It can be easy to get distracted during your research by exciting, unexpected findings or outcomes that are concerning. But you have a timeline to stick to and running after every shiny object that comes your way can throw you way off your original, intended path. Instead of splitting your attention between your actual research experiment and other factors deserving of further attention, it’s a better choice to sideline those unintentional results by documenting them and scheduling them for a post-hoc analysis once you are done with your current project.
A post-hoc analysis isn’t meant for every random outcome in an experiment.

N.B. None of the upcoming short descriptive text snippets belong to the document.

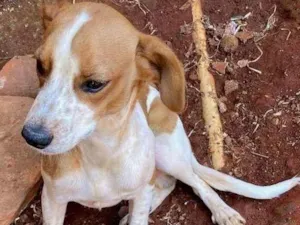 Cachorro raça SRD-ViraLata idade 2 a 6 meses nome Pingo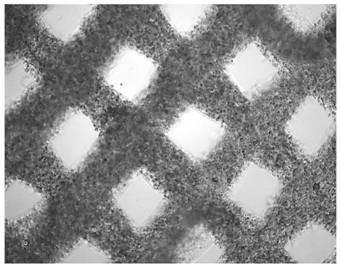 3D bioprinting in-vivo tumor model and building method thereof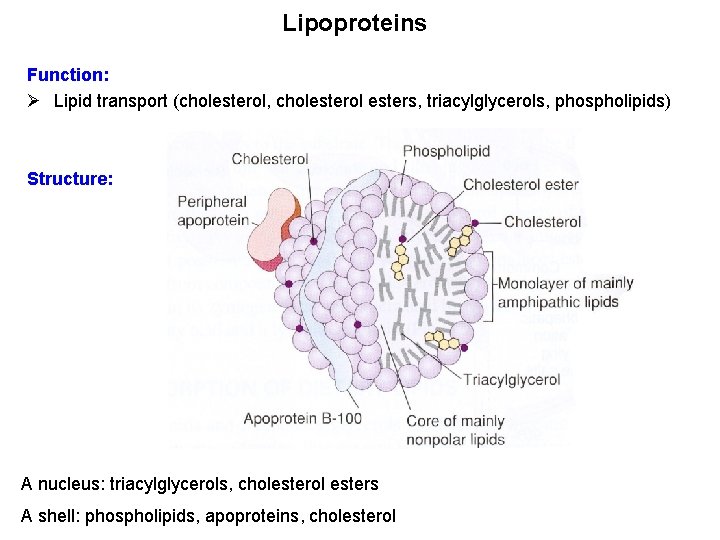 Lipoproteins Function: Ø Lipid transport (cholesterol, cholesterol esters, triacylglycerols, phospholipids) Structure: A nucleus: triacylglycerols,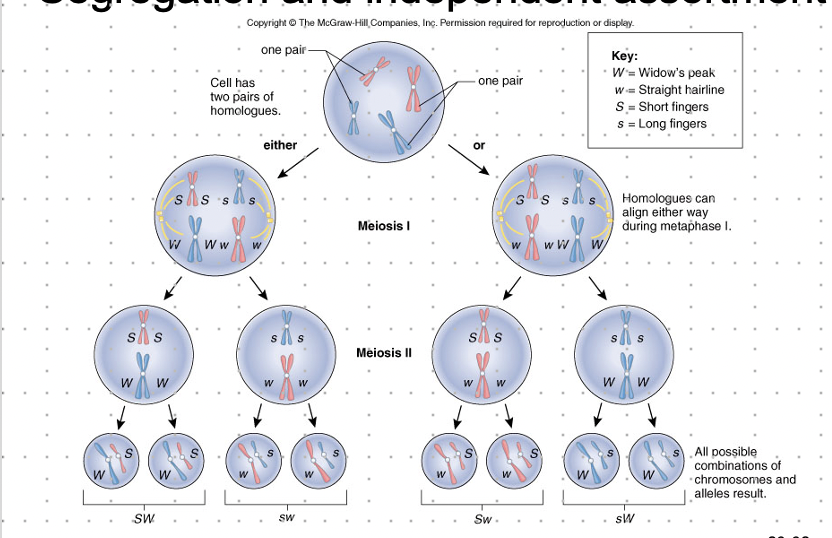 <p>-alleles of 2+ different genes are sorted independently of other genes.</p><p>-whichever allele is received by a gamete for 1 gene doesn’t affect which allele for a different trait is received</p><p>-gamete can receive any possible combo of alleles</p>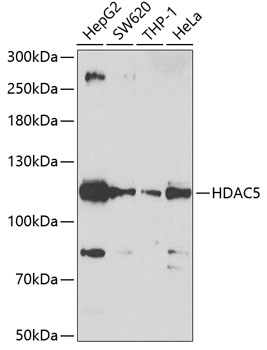 HDAC5 Rabbit polyclonal antibody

It’s a way to look for patterns when you see something that could warrant its own deeper look and possible research study to further the knowledge of this interesting concept. When you implement post-hoc analysis in your research findings, it is a great opportunity for you to delve deeper into your subject base and start your next experiment based on a foundation of information that you’ve already established.
What is a Post-Hoc Analysis?
Sometimes a post-hoc analysis can be just as revealing and instrumental as the original research study. In this type of deep analysis, data that was made apparent during the research is evaluated for patterns that could have relevance in your field or somewhere else. By focusing solely on your original study’s primary objective, you can get the main research done in the detail that is necessary and then come back to anything that was not in your main plan and make it subsequent, additional research.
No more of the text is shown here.